About this exercise:
In the entries that follow, find the word "Chevrolet" and report each line it is on.

Data provided:
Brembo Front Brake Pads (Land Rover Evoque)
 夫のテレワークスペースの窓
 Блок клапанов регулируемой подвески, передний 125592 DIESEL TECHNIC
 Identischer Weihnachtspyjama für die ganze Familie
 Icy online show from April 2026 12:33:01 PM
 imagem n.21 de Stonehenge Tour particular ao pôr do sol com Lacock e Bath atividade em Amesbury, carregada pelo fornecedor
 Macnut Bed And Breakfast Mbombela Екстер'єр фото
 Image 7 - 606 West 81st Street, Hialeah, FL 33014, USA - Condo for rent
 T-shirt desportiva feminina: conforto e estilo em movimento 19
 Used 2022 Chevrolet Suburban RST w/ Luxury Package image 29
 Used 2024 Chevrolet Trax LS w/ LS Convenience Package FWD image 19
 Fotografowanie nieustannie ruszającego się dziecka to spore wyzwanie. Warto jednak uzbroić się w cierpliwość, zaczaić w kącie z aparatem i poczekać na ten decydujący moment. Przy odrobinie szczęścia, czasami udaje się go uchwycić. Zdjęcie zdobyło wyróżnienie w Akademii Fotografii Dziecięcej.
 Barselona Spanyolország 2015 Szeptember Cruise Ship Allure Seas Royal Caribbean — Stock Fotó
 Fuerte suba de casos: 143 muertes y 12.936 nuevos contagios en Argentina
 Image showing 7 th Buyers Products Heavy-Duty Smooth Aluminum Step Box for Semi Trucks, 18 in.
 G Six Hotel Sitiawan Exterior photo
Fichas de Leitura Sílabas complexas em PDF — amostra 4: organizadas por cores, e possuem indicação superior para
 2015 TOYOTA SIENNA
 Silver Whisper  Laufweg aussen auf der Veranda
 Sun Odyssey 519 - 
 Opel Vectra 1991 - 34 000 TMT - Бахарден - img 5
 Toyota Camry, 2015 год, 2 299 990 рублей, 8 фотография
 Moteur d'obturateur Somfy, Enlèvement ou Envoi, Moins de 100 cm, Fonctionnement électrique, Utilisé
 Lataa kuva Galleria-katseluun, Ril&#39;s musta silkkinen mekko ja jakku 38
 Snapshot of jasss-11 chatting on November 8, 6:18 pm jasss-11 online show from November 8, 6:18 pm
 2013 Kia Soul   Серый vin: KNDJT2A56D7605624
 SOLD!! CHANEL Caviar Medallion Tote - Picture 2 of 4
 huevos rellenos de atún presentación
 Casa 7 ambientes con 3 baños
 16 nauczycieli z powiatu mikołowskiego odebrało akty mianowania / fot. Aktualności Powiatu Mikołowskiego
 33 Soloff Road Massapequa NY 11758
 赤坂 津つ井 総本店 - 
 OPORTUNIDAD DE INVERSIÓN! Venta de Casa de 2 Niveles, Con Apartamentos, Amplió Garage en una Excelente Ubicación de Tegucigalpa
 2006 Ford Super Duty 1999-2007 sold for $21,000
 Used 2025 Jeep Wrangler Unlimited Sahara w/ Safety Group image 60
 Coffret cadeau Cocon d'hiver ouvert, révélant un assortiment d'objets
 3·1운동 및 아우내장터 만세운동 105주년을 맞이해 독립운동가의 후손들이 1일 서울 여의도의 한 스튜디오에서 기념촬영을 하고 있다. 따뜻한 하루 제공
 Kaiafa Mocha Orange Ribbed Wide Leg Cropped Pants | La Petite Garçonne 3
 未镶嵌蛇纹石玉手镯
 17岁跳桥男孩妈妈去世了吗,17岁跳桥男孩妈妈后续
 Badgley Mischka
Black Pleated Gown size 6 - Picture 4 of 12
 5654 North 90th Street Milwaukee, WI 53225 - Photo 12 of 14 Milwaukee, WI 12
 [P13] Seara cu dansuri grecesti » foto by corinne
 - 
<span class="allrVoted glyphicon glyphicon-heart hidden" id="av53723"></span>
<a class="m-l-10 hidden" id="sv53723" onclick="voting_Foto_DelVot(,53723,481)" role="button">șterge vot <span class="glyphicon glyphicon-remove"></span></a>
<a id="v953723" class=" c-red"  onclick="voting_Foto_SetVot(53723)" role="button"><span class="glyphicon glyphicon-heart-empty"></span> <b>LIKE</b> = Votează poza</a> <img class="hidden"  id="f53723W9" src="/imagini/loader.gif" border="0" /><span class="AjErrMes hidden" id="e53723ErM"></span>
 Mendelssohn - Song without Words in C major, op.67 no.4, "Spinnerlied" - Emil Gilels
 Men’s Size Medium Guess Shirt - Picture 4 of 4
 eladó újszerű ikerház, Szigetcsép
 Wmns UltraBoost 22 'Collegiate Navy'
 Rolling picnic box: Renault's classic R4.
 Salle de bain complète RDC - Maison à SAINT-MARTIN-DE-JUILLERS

The completed task:
 Used 2022 Chevrolet Suburban RST w/ Luxury Package image 29
 Used 2024 Chevrolet Trax LS w/ LS Convenience Package FWD image 19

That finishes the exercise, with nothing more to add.